The ToolSelectionAccuracyEvaluator returns a list of EvaluationOutput objects (one per tool call) with:

  • score: 1.0 (Yes) or 0.0 (No)
  • test_pass: True if score is 1.0, False otherwise
  • reason: Step-by-step reasoning explaining the evaluation
  • label: "Yes" or "No"

What Gets Evaluated

The evaluator examines:

  1. Available Tools: All tools that were available to the agent
  2. Previous Conversation History: All prior messages and tool executions
  3. Target Tool Call: The specific tool call being evaluated, including:
  4. Tool name
  5. Tool arguments
  6. Timing of the call

The judge determines if the tool selection was appropriate given the context and whether the timing was correct.

Best Practices

  1. Use with Proper Telemetry Setup: The evaluator requires trajectory information captured via OpenTelemetry
  2. Provide Clear Tool Descriptions: Ensure tools have clear, descriptive names and documentation
  3. Test Multiple Scenarios: Include cases where tool selection is obvious and cases where it's ambiguous
  4. Combine with Parameter Evaluator: Use alongside ToolParameterAccuracyEvaluator for complete tool usage assessment
  5. Review Reasoning: Always review the reasoning to understand selection decisions

Common Patterns

Pattern 1: Validating Tool Choice

Ensure agents select the most appropriate tool from multiple options.

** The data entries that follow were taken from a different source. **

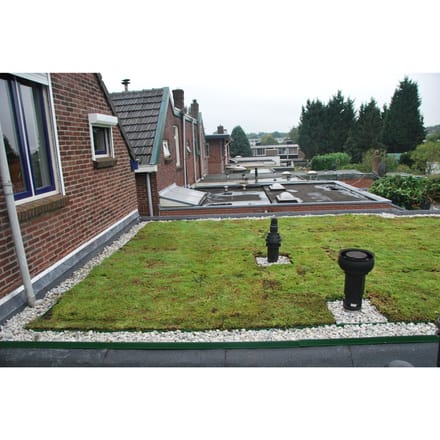 Intergard Groendak Sedummixmat per m2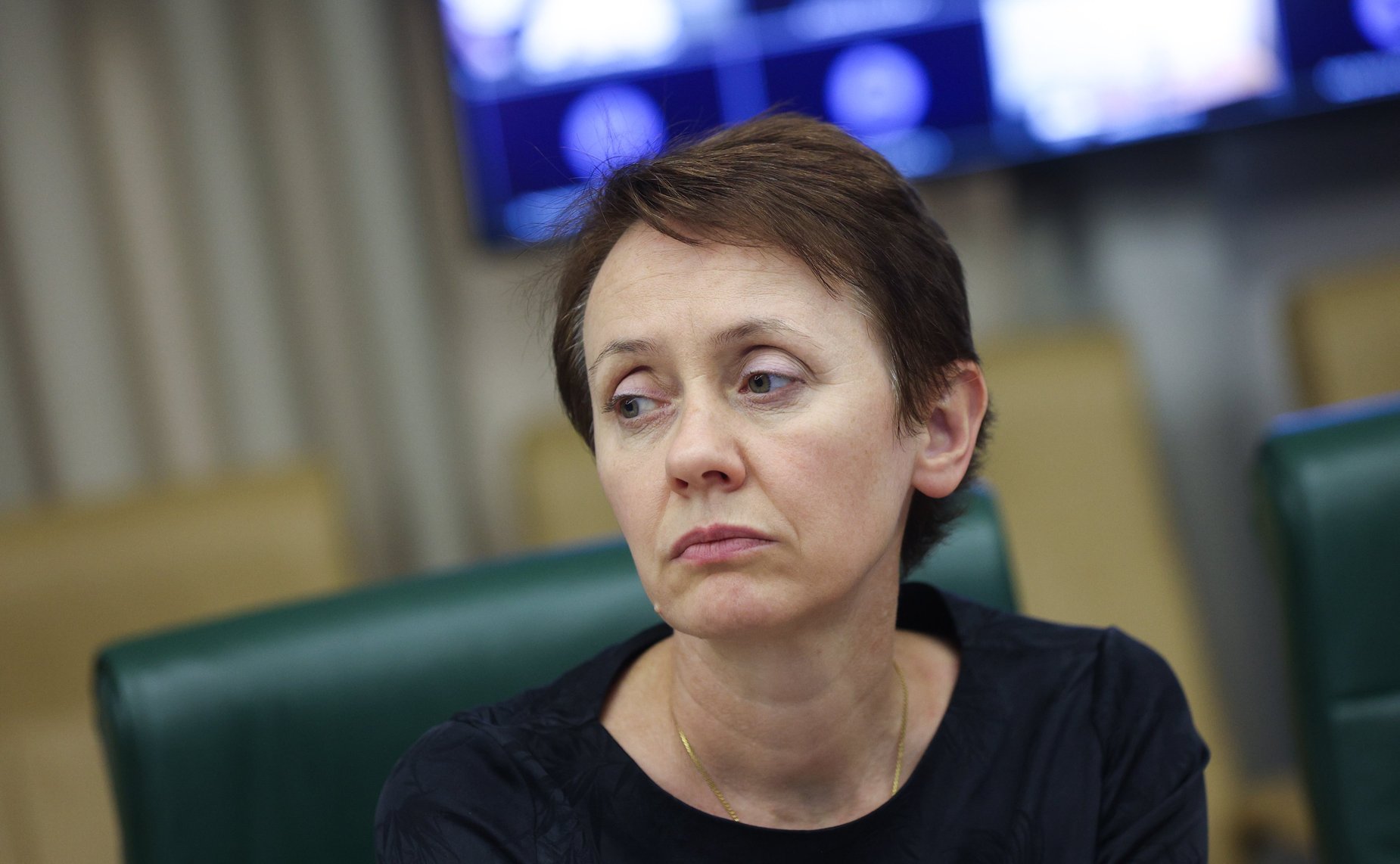 Совещание Комитета Совета Федерации по бюджету и финансовым рынкам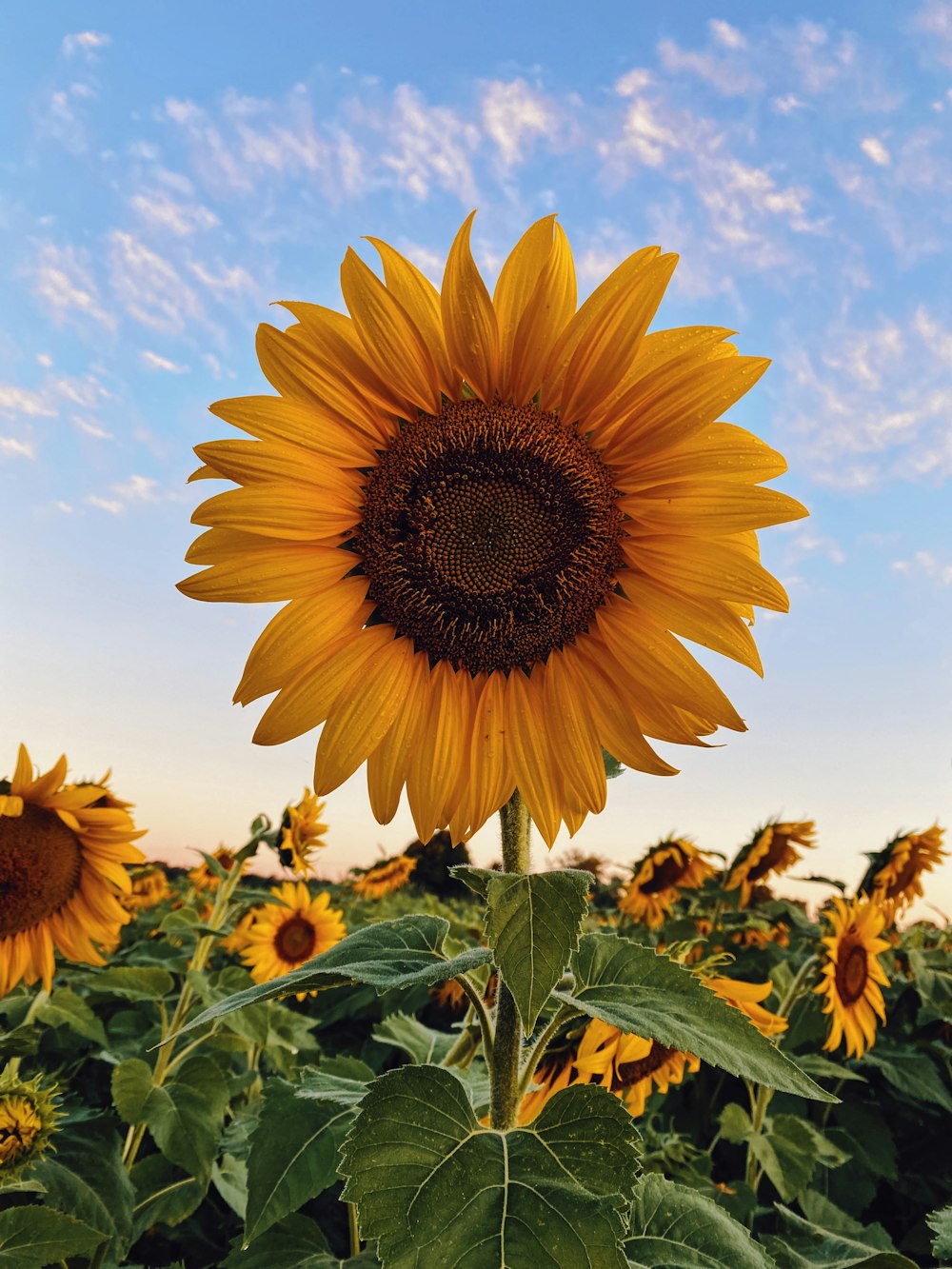 champ de tournesol sous le ciel bleu pendant la journée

Pattern 2: Detecting Premature Tool Calls

Identify cases where agents call tools before gathering necessary information.

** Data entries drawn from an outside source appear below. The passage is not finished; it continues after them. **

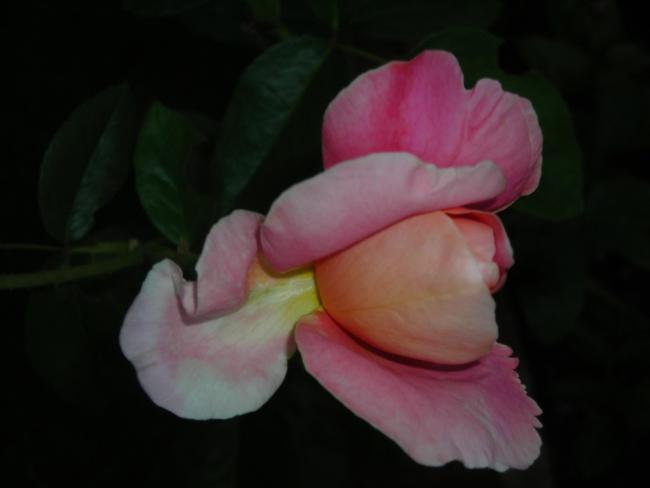 Name:  DSCN2497.jpg
Views: 636
Size:  18.3 KB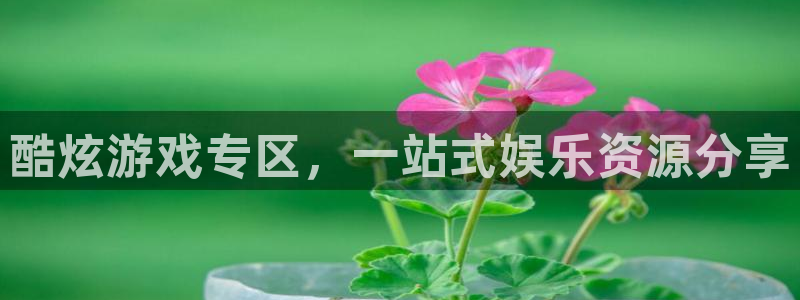 星欧娱乐下载：酷炫游戏专区，一站式娱乐资源分享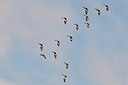 BUITEN BEELD Foto: 155312
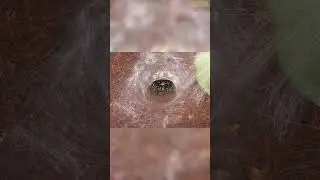 A aranha mais PERIGOSA da Austr&aacute;lia - Atrax robustus #shorts #animal #aranha #spider #atrax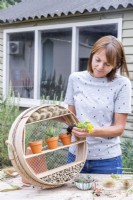Woman planting succulents in the small pots in the sieve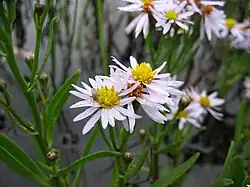 See-Aster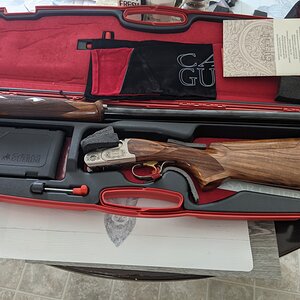 Caesar Guerini Shotgun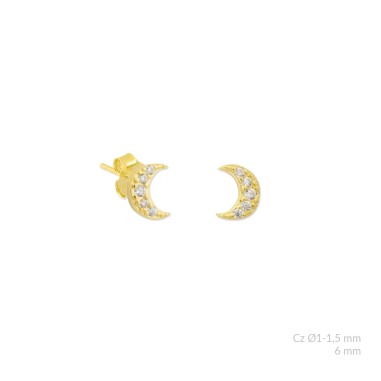 Pendientes de Plata de Ley con circonitas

Pattern 3: Identifying Missing Tool Calls

Detect when agents should have used a tool but didn't.

Common Issues and Solutions

Issue 1: No Evaluations Returned

Problem: Evaluator returns empty list or no results. Solution: Ensure trajectory is properly captured and includes tool calls.

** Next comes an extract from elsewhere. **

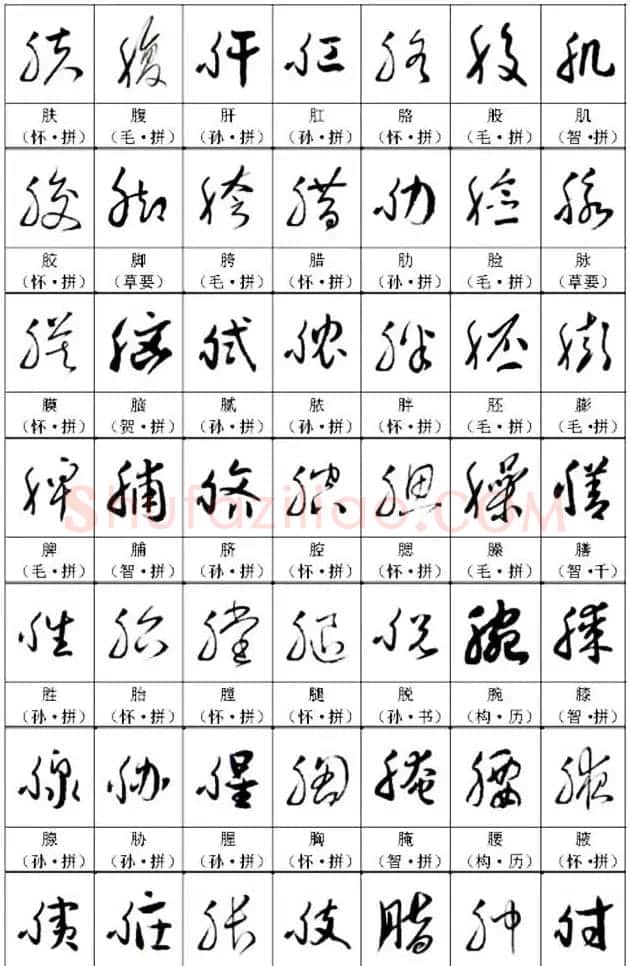 书法教材《名帖名家草书字帖范字》 | 毛笔草书字帖
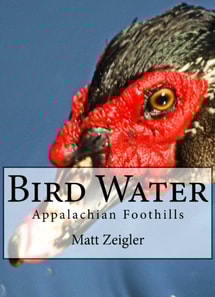 Bird Water: Appalachian Foothills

Issue 2: Ambiguous Tool Selection

Problem: Multiple tools could be appropriate for a given task. Solution: Refine tool descriptions and system prompts to clarify tool purposes.

Issue 3: Context-Dependent Selection

Problem: Tool selection appropriateness depends on conversation history. Solution: Ensure full conversation history is captured in traces.